El pelo de la tapicería te envuelve como los brazos de una
madre, el volante calienta tus manos heladas, la palanca de cambios en punto
muerto te llama, enciendes la radio, emprendes la marcha y comienzas la
aventura. No sabes dónde te llevará el viaje, ni cuánto durará, pero tampoco
importa, la carretera te espera, con sus curvas incesantes, insinuante cual
mujer. La compañía es buena, la música es genial, el viaje siempre es plácido a
pesar del cambio que puede acarrear, nunca es cansado y siempre es inesperado.

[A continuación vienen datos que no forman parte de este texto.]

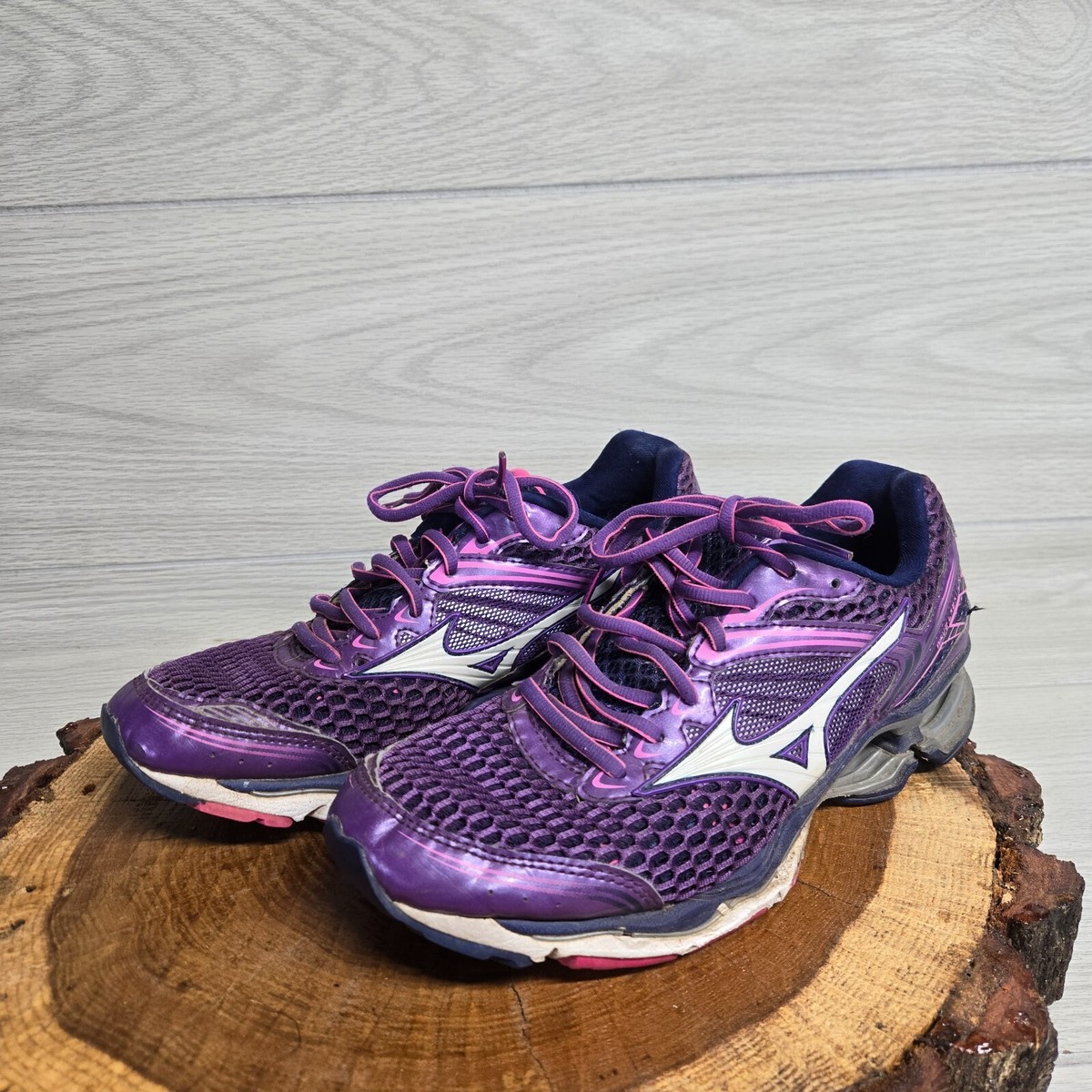 ミューモ s-l1200.jpg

En un intervalo indeterminado de tiempo ya estás en una
carretera de montaña, los cúmulos de nieve empiezan a aparecer en las umbrías,
los pinos altos y centenarios evitan que el sol, tan cercano ahora, te ciegue,
abres la ventanilla para que el viento fresco te acaricie el rostro, el olor es
embriagador, poco a poco la nieve se multiplica, cada vez hace más frío y la montaña
empieza a brillar. El camino empieza a serpentear en bajada hasta que llegas a
terreno llano, los girasoles miran hacia ti, o hacía el sol que está a tu
espalda, pero no, te miran a ti, Norah Jones suena en la radio con su tranquilo
sunrise, la brisa es cálida, pero no abrasadora, te pones las gafas de sol,
miras a tu acompañante y sonríes. Él te llama la atención, una imagen
fantástica sucede ante vuestros ojos, un Seat Seiscientos está adelantando a un
Scania tipo americano, de esos con el morro largo, hasta que se pone frente a
él, la bella y la bestia versión automovilística.

Las máquinas rugen como una mandada de fieras, no te lo
crees, que música celestial producen esos motores.
De repente un golpeteo suena
en tu ventana, no haces caso, pero se repite, tu padre está golpeando el
cristal “Venga, sube atrás que nos vamos ya”, se acabó el viaje, pero en
cualquier momento tendrás otra ocasión para subirte en el coche mientras
esperas y volver a salir de viaje a donde el motor de la imaginación te lleve.